El hombre más mayor se adelantó y comenzó a hablar, dejando ver un acento claramente Ucraniano. Aquel hombre los miraba con una sonrisa totalmente inquietante. Era como si estuviese controlando totalmente la situación.
Cesar se fijó en aquel hombre, estaba allí plantado ante ellos observando como todos estaban más armados que ellos, pero no parecía estar asustado. Entonces Cesar se fijó en los otros dos. Solo uno parecía nervioso, el otro estaba como acelerado.
-Buenas noches- dijo el jefe con tono educado. –No se preocupen, solo estamos de paso, estamos buscando algo y creemos que puede estar aquí. Cuando lo encontremos nos marcharemos-
-¿Y que están buscando?- preguntó Cesar al mismo tiempo que pensaba en la bomba nuclear y en la ampolla de la cura.
-Se trata de alguien. Una chica llamada Patricia, la andamos buscando mucho tiempo, tiene algo que me pertenece y querría recuperarlo-
Cesar tomó el mando en ese momento y avanzó hacia el tipo. Luego se volvió hacia los demás. –Aquí no hay nadie con ese nombre. Lo siento, creo que vas a tener que seguir buscando…-
-Axel…- dijo el tipo presentándose al tiempo que hacía una reverencia que a Cesar se le antojó burlona. Luego señaló a sus dos compañeros. –Ellos son Tyson y Scott-
Cesar asintió y se presentó, pero solo lo hizo el, los demás permanecieron callados detrás de el.
-Sois un grupo numeroso. Llevamos observándoos un par de días, pero hoy parece que estáis buscando algo. Quizás podríamos ayudaros si luego vosotros me ayudáis a mi. Ya conoces el dicho “Hoy por ti, mañana por mi”-
Cesar sonrió en ese momento.- Gracias Axel, pero nosotros solos nos apañamos, gracias por el interés. Bueno, si no os importa marcharos ¿Vale?-
-Me gustaría poder hacerlo, pero hay un problema. Lo que hay aquí es algo de incalculable valor. Me gustaría encontrarlo-
Por momentos, Cesar temía que se refiriera a la bomba o la vacuna, los habían estado observando, perfectamente podrían referirse a eso, pero el nombre de Patricia no le encajaba en todo eso. Rápidamente optó por tratar de sacar algo de información.
-¿Y que es lo que buscáis? Quizás si me lo dices podamos ayudaros-
-Te gusta negociar. Bueno, al fin y al cabo no pierdo nada contándotelo. Lo que busco son cinco millones de euros- respondió Axel con una sonrisa que dejó ver una dentadura perfecta.

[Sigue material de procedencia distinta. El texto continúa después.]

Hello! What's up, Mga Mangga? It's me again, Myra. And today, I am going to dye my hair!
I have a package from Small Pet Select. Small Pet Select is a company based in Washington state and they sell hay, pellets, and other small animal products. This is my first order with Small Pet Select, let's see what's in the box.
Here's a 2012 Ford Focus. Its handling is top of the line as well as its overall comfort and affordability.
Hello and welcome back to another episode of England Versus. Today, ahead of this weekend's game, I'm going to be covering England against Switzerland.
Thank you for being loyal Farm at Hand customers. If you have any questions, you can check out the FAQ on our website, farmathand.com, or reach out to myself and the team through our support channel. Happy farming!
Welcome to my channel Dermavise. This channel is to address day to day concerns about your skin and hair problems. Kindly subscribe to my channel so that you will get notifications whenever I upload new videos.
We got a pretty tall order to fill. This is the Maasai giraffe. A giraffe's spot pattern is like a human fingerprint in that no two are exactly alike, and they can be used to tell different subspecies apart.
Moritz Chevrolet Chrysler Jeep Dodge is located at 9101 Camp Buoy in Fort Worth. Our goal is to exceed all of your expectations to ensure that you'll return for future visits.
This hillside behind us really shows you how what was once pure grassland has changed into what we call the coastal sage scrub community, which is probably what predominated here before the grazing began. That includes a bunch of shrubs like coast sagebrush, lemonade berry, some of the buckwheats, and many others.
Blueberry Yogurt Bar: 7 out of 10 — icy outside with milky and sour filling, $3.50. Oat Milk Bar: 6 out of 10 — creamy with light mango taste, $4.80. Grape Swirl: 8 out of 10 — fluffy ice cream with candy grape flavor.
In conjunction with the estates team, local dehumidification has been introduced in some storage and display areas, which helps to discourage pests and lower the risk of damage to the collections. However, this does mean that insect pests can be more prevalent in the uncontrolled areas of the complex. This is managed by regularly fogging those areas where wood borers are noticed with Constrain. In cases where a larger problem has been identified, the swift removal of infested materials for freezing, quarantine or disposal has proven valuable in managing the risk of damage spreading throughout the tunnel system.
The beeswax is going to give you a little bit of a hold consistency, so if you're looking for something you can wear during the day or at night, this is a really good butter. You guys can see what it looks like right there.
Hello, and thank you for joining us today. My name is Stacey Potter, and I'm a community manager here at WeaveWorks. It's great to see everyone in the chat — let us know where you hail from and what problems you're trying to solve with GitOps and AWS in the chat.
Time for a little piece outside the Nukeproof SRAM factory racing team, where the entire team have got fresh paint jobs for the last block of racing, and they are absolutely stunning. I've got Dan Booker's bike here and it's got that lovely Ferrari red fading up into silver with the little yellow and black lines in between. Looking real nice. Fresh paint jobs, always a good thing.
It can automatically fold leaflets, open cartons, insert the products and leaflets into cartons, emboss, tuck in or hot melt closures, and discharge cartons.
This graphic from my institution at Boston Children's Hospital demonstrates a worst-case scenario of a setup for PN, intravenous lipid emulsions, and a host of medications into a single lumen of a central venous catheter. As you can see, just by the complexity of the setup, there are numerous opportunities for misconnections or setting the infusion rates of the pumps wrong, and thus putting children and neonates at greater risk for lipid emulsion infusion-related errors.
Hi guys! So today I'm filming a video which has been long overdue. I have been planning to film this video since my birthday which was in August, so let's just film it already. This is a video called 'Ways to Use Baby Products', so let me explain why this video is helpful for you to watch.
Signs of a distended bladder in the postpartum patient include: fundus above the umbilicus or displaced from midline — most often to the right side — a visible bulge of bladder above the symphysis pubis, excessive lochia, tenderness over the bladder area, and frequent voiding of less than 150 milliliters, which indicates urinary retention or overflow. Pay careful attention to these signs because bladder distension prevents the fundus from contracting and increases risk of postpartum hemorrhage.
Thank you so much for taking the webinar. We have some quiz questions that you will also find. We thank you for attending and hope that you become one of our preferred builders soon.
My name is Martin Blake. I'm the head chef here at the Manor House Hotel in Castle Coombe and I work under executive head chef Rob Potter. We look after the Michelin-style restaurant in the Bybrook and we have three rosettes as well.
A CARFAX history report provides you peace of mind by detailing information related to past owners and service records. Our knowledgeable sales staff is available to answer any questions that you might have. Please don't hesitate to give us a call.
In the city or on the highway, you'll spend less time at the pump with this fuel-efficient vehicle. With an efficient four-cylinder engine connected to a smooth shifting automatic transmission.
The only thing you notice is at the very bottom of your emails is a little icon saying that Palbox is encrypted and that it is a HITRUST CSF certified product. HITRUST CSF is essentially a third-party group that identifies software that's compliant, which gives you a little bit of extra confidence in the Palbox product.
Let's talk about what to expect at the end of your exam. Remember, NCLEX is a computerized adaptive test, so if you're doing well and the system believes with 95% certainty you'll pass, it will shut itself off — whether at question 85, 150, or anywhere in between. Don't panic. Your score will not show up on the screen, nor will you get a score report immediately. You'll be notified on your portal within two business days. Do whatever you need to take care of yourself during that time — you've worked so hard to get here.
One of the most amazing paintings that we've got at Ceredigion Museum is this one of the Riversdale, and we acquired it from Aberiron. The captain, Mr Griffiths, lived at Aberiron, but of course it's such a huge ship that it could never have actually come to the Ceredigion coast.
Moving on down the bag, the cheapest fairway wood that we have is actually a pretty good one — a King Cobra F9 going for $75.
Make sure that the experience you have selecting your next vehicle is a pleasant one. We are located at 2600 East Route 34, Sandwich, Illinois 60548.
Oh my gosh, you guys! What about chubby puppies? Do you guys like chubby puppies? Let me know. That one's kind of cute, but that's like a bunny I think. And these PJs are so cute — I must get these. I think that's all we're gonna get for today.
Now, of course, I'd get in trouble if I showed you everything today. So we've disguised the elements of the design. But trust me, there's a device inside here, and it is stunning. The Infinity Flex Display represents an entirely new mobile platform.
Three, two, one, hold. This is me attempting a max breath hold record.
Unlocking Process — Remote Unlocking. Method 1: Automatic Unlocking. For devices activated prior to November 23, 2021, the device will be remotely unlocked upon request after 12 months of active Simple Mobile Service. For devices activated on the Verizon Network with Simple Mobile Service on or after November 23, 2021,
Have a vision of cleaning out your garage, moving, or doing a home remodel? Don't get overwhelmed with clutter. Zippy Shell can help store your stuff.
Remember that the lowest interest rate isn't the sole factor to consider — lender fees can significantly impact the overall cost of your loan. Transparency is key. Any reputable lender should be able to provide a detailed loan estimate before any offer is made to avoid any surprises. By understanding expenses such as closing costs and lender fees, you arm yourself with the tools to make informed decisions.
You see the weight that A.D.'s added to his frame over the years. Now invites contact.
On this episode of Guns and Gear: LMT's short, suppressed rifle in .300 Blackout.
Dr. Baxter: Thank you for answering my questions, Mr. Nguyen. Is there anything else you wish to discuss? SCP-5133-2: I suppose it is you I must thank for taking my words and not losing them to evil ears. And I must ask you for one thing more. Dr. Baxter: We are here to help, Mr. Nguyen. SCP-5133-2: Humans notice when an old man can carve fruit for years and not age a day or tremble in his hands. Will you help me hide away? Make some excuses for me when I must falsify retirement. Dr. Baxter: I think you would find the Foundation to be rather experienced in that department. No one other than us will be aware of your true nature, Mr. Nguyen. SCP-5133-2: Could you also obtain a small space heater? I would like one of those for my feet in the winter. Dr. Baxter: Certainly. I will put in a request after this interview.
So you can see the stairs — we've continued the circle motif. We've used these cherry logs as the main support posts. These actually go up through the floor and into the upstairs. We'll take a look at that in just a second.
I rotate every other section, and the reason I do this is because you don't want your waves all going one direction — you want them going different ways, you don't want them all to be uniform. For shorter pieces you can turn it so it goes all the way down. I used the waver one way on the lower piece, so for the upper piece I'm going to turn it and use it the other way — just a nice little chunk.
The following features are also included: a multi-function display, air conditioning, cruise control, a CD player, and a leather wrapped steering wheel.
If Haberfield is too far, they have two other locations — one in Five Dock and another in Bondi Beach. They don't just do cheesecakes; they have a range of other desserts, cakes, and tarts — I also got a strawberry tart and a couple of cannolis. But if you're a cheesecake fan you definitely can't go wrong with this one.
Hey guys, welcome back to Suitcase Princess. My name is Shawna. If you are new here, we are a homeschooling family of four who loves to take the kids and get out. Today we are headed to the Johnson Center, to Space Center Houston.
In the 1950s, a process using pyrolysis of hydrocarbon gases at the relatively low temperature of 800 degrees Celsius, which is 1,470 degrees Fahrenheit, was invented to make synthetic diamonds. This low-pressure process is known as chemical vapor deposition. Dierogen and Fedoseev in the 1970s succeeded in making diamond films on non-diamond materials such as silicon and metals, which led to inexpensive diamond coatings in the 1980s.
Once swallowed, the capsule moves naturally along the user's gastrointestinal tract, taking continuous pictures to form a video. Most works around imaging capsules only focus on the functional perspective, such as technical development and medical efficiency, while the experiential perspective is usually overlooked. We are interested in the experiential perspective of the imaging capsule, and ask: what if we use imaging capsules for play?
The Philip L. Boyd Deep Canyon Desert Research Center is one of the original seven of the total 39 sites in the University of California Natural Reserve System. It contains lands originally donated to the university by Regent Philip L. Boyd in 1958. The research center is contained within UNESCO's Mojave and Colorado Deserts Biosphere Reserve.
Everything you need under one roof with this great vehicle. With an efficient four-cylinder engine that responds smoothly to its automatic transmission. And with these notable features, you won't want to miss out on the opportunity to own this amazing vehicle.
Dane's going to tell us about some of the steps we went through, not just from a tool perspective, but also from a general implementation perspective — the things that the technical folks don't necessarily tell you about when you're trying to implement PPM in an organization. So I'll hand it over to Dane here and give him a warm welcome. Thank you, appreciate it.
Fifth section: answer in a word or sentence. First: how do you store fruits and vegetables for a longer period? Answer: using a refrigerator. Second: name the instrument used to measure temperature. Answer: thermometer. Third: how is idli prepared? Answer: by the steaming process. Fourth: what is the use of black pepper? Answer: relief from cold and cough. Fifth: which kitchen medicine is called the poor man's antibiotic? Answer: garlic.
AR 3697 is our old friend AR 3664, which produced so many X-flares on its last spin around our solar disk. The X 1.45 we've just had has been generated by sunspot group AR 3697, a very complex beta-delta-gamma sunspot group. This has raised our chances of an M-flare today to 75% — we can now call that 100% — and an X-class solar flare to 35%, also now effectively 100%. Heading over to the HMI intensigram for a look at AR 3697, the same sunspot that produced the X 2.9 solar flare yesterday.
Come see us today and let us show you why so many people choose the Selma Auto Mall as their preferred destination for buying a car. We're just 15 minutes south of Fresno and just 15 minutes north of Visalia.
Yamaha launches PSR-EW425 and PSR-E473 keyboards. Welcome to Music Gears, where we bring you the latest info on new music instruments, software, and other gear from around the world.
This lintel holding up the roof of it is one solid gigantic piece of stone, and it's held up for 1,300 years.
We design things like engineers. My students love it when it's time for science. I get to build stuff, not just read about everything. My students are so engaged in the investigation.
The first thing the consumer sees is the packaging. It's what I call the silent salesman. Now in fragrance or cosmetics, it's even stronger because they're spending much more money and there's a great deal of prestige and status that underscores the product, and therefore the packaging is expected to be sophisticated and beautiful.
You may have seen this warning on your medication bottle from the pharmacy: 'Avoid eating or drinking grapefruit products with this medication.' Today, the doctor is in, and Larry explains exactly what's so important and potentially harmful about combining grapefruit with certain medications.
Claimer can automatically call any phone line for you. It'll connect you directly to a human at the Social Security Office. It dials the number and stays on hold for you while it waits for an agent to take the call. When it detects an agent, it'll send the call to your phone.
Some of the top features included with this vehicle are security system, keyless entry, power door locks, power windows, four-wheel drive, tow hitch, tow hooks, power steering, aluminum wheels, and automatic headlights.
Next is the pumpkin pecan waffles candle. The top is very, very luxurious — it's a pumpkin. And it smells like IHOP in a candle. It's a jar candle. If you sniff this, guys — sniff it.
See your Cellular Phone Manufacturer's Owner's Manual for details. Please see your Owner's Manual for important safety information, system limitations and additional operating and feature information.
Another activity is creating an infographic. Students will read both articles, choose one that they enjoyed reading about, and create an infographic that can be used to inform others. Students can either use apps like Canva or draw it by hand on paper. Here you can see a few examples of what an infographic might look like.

La respuesta cogió tan por sorpresa a Cesar que no pudo evitar dar un respingo y sonreír con cierta incredulidad. –El dinero ya no sirve de mucho en estos días. Yo diría que incluso ha perdido todo el valor. En serio estáis perdiendo el tiempo. Aquí no hemos visto nada de dinero. Lo siento, pero no podemos ayudaros-
-Comprendo que es una cifra muy jugosa como para dársela al primero que pase, pero es mi dinero y lo quiero. Cuando esto termine seremos hombres ricos- explicó Axel. –Si me lo entregáis estoy dispuesto a recompensaros con un millón de euros. Aunque sois muchos salís a un buen pellizco por cabeza-
Cesar estaba alucinando con todo aquello. Aquel hombre aun creía que el dinero iba a servir y que todo aquello iba a terminar como una especie de obra divina. Cesar tenía que hacer algo y alejar a aquellos tres de allí antes de que hubiese problemas, los cuales ya empezaban a percibirse. Ese hombre era terriblemente inquietante.